*INSTRUCTIONS FOR THE TASK*: No pictures go in the copy. Restate, word for word, each line from the one containing "2022-2025 Toyota Alpha" through the last line below.

*ENTRIES SUPPLIED*:
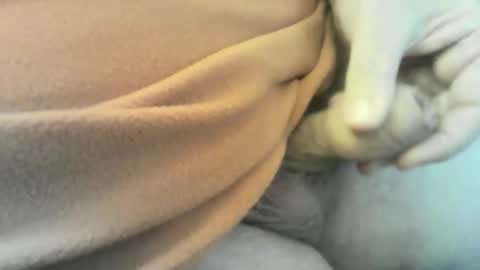 Snapshot of jellydaddy57 chatting on October 13, 4:07 pm jellydaddy57 online show from October 13, 4:07 pm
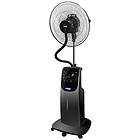 O'Fresh Indoor Mist Fan 135cm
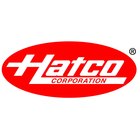 Hatco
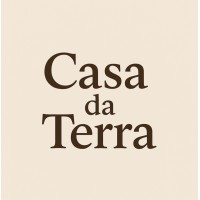 Casa da Terra Retreats logo - Similar company to Launch Innovation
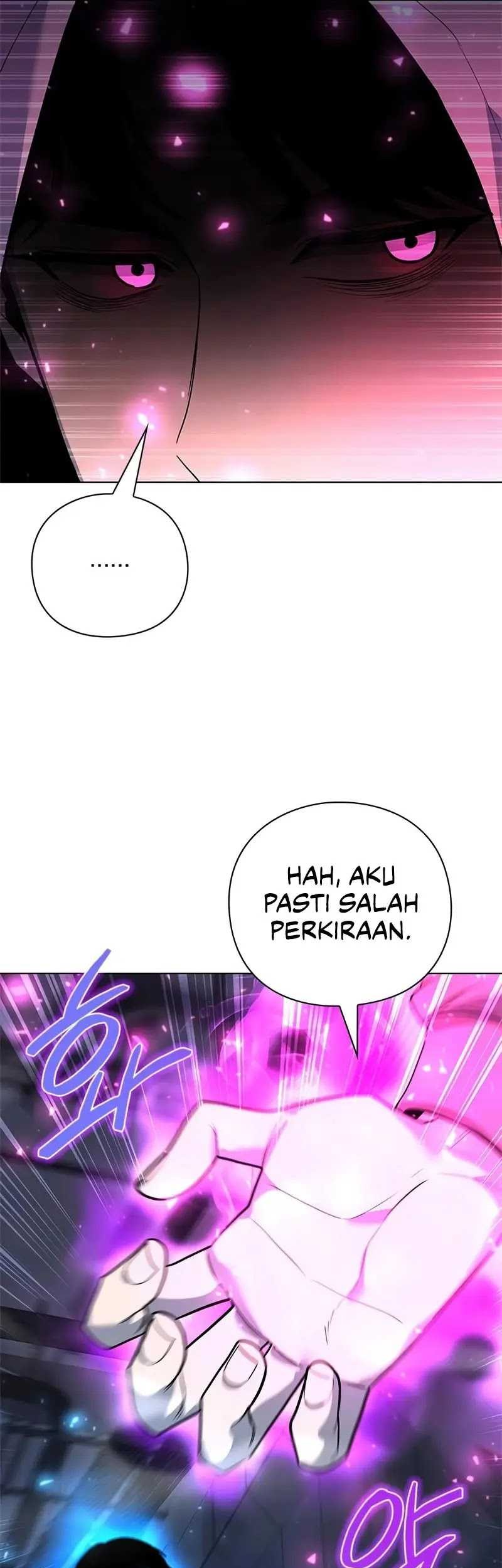 Weapon Maker Bab 39 halaman 14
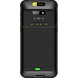Терминал сбора данных Chainway MC50 6 дюймов, 4G/5G, 2D SE4710, 8/128 ГБ (MC50-2SE-N-CC8R7A12) MC50-2SE-N-CC8R7A12 фото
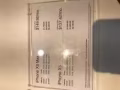 ??我牽線 你拿機！比市場價便宜150～200塊！現場一起拿機 保證不假全新！?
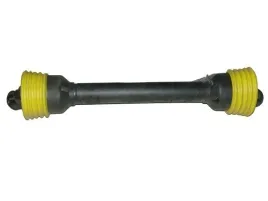 wal-przegubowo-teleskopowy-710-1050mm-620nm-ce-seria-5-aksan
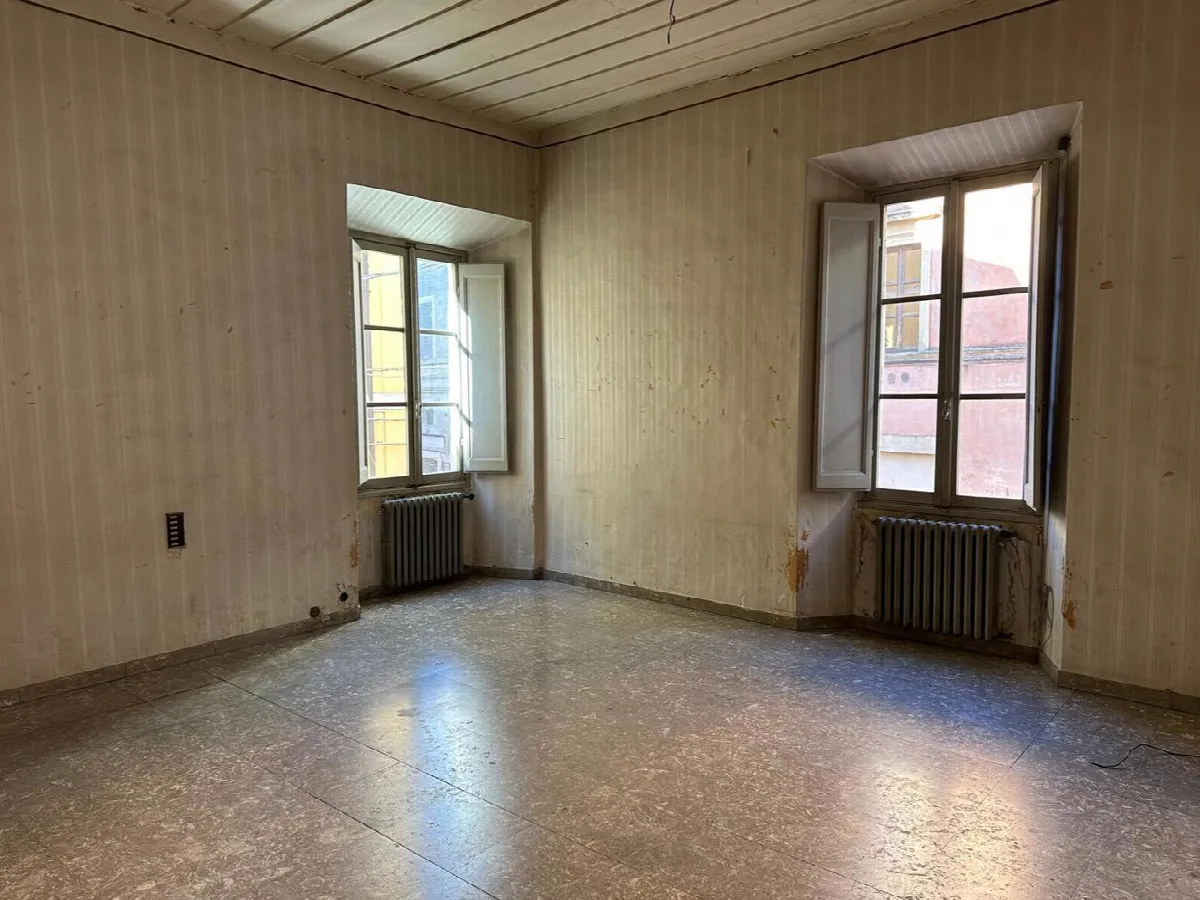 Appartamento in vendita a Civita Castellana - foto 9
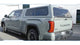 2022-2025 Toyota Alpha HD Pro S Air Suspension Kit (HP10604-J-S)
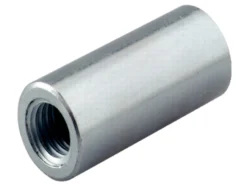 Fischer Reduziermuffe RDM M12/M10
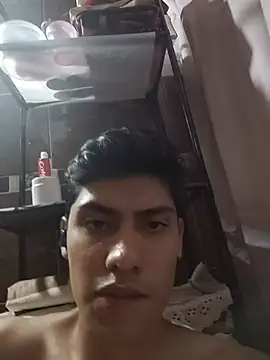 عرض كام aispuro8505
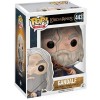 Funko POP Movies Lord of the Rings - Gandalf 443 Vinyl Figure
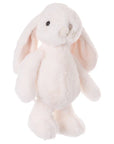 Lovely Kanini Bunny - White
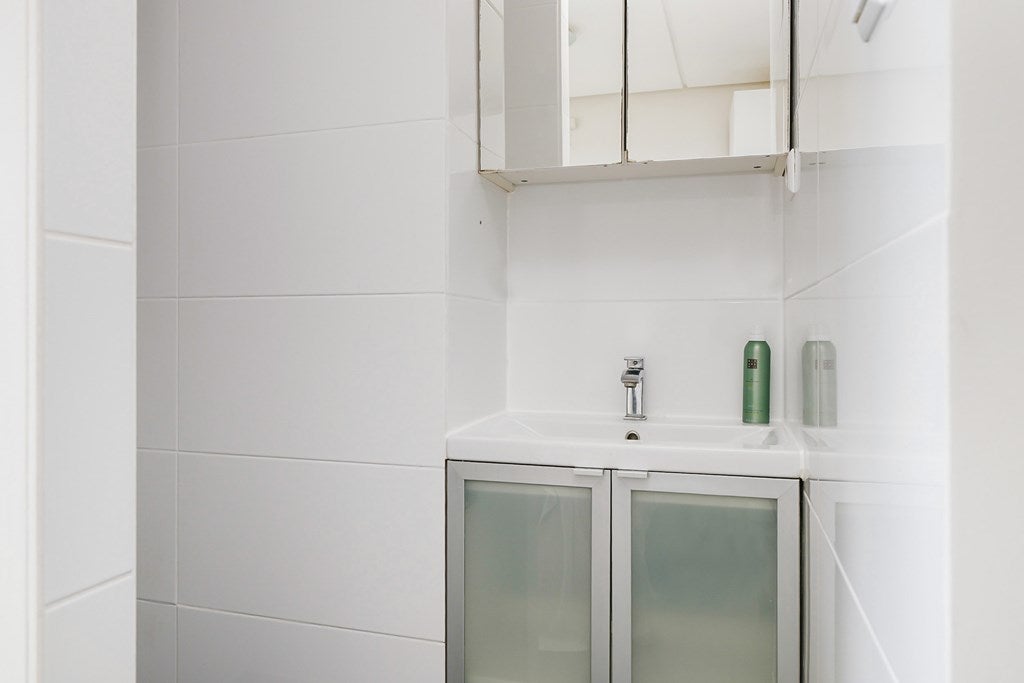 Appartement te koop: Van Leeuwenhoekstraat 5-0070, Haarlem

*ANSWER BELOW*:
 2022-2025 Toyota Alpha HD Pro S Air Suspension Kit (HP10604-J-S)
 Fischer Reduziermuffe RDM M12/M10
 عرض كام aispuro8505
 Funko POP Movies Lord of the Rings - Gandalf 443 Vinyl Figure
 Lovely Kanini Bunny - White
 Appartement te koop: Van Leeuwenhoekstraat 5-0070, Haarlem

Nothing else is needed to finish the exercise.